"""

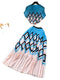 Knitwear&Pleated Skirt Printed2Pcs
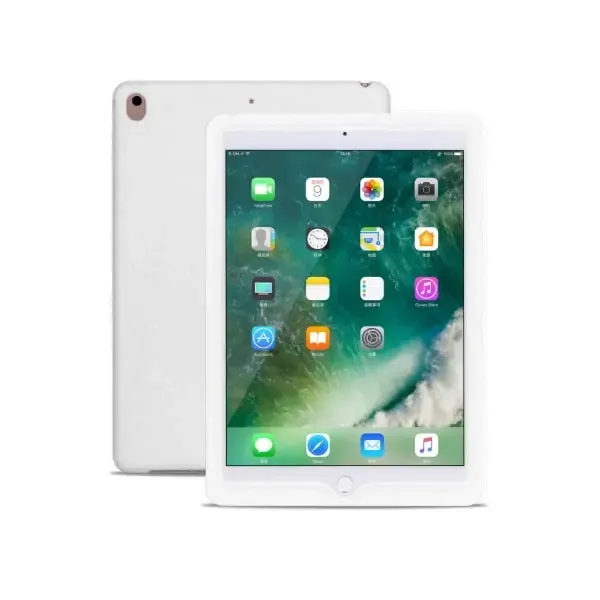 Silikone cover til iPad. Til alle iPad 9,7" modeller. Hvid.
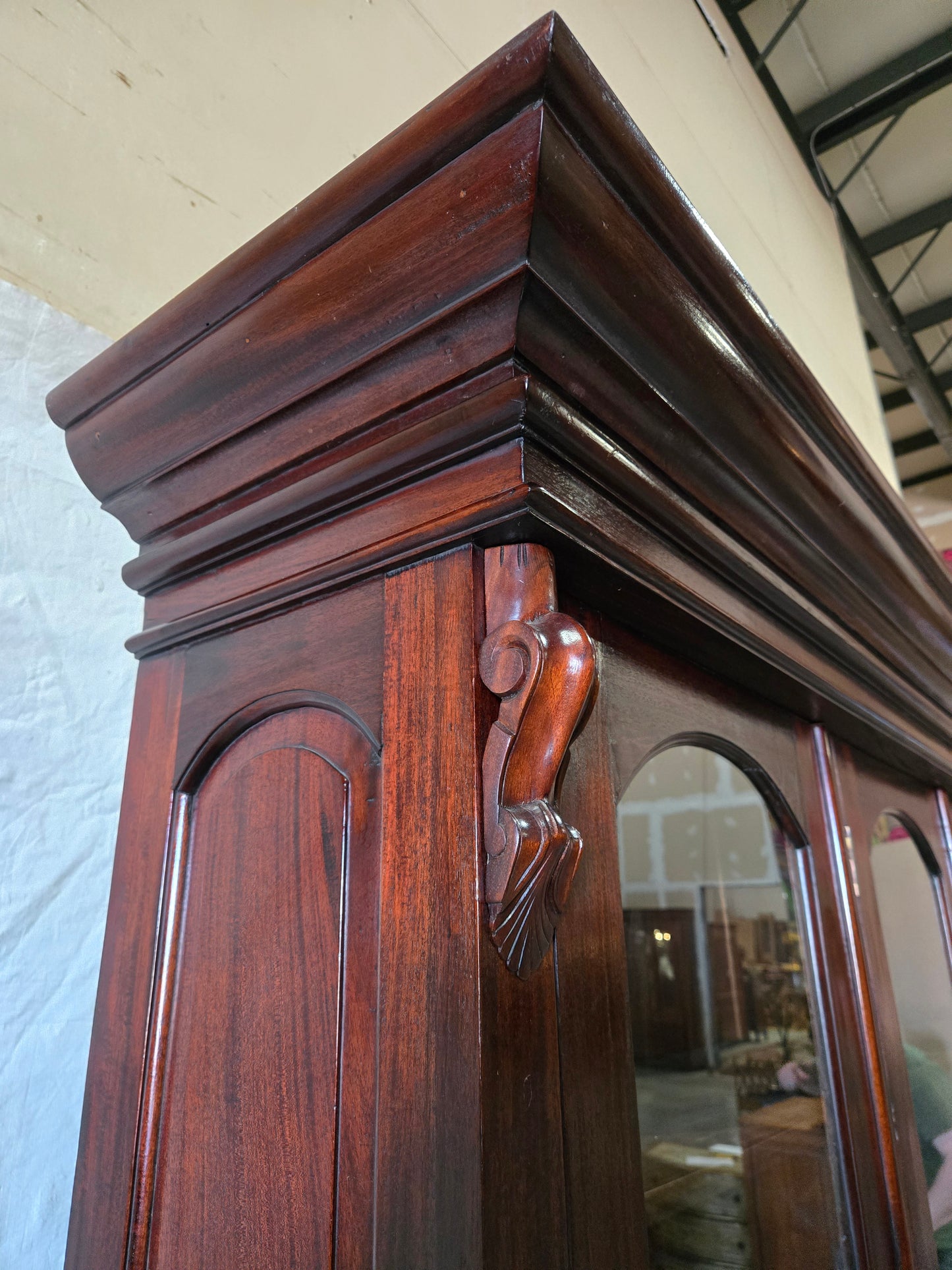 Early century LPH mahogany hutch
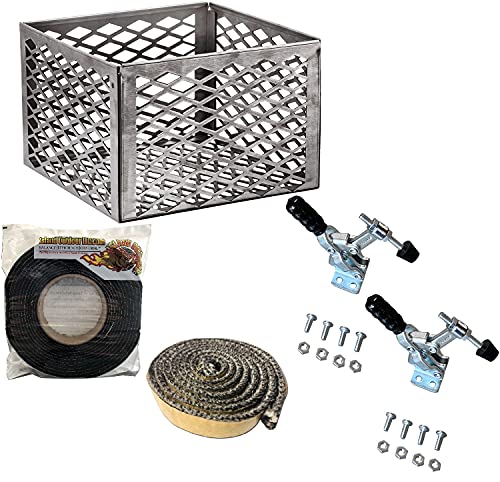 Total Control Offset Smoker Mod Kit for Oklahoma Joe's, and Most Other Offset Smokers Includes Gaskets, Lid Latches and Charcoal Basket (for Oklahoma Joe's Highland)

"""

WORK INSTRUCTION -
Repeat the material above in full and exactly, omitting the pictures.

RESPONSE -
 Knitwear&Pleated Skirt Printed2Pcs
 Silikone cover til iPad. Til alle iPad 9,7" modeller. Hvid.
 Early century LPH mahogany hutch
 Total Control Offset Smoker Mod Kit for Oklahoma Joe's, and Most Other Offset Smokers Includes Gaskets, Lid Latches and Charcoal Basket (for Oklahoma Joe's Highland)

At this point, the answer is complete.